Once the pictures are removed, reproduce what is left of the data below exactly.

DATA BLOCK Start Marker

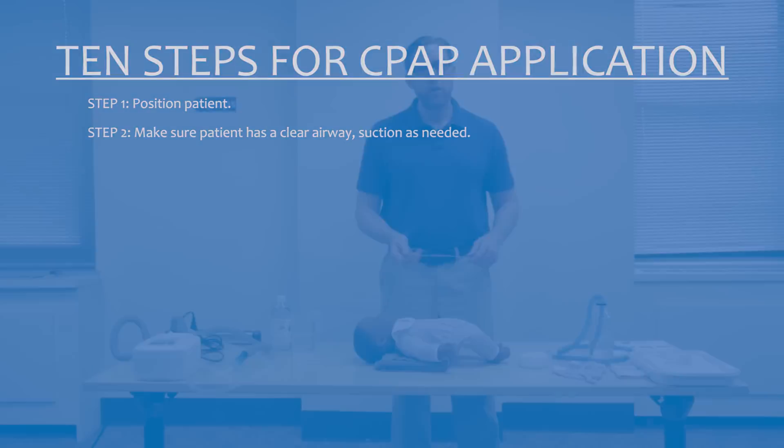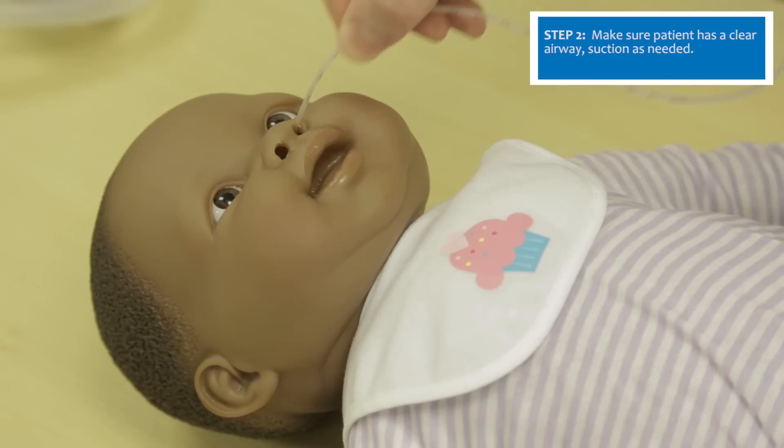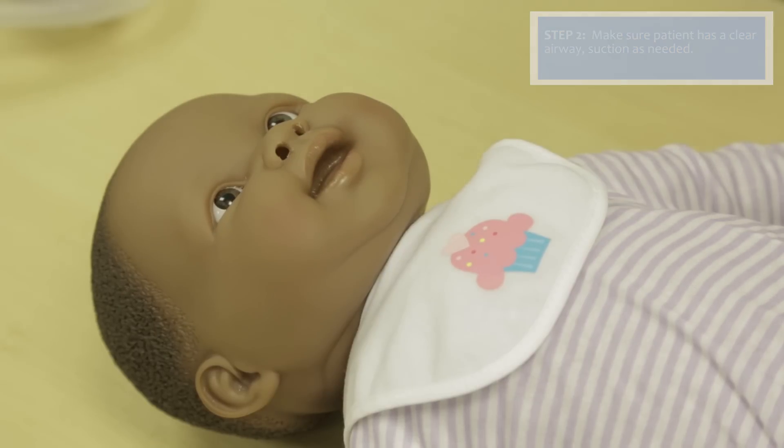For CPAP to work, it's important the patient has a clear airway. Use a suction catheter to gently remove any mucus or obstruction from each of the nares. This will ensure the patient has a clear airway and CPAP can be delivered efficiently.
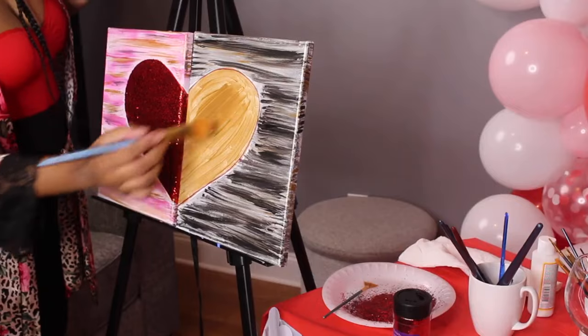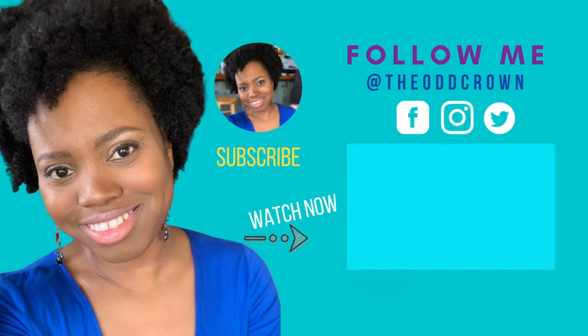Hey y'all, I'm Nola Creative, aka The Odd Crown, and today I'm going to be showing you how to have date night Valentine's Day edition safely in your own home.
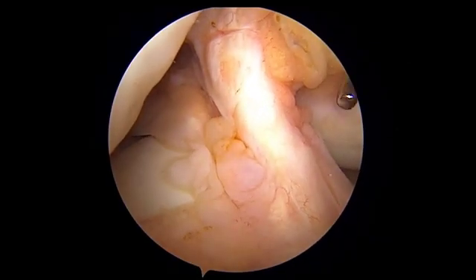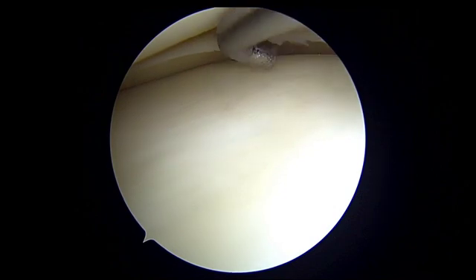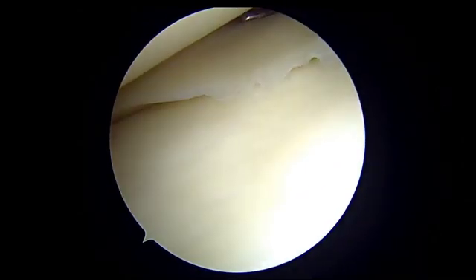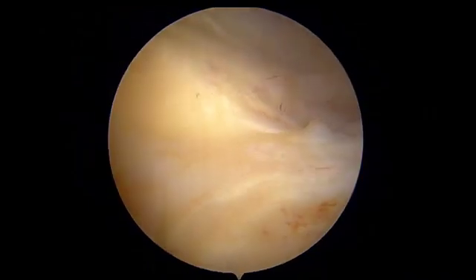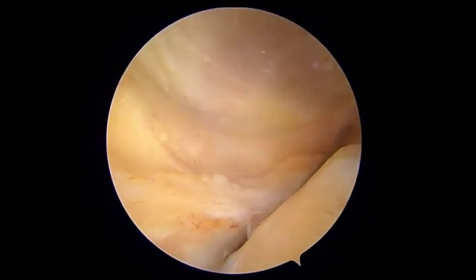A diagnostic arthroscopy is performed and the menisci are palpated. The medial meniscus is normal on probing. Using the Gillquist maneuver, once we enter into the posteromedial compartment, we can see a huge ramp lesion, which is further confirmed by doing a needle test.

DATA BLOCK End Marker

→ **ANSWER FOR THIS EXERCISE**:
For CPAP to work, it's important the patient has a clear airway. Use a suction catheter to gently remove any mucus or obstruction from each of the nares. This will ensure the patient has a clear airway and CPAP can be delivered efficiently.
Hey y'all, I'm Nola Creative, aka The Odd Crown, and today I'm going to be showing you how to have date night Valentine's Day edition safely in your own home.
A diagnostic arthroscopy is performed and the menisci are palpated. The medial meniscus is normal on probing. Using the Gillquist maneuver, once we enter into the posteromedial compartment, we can see a huge ramp lesion, which is further confirmed by doing a needle test.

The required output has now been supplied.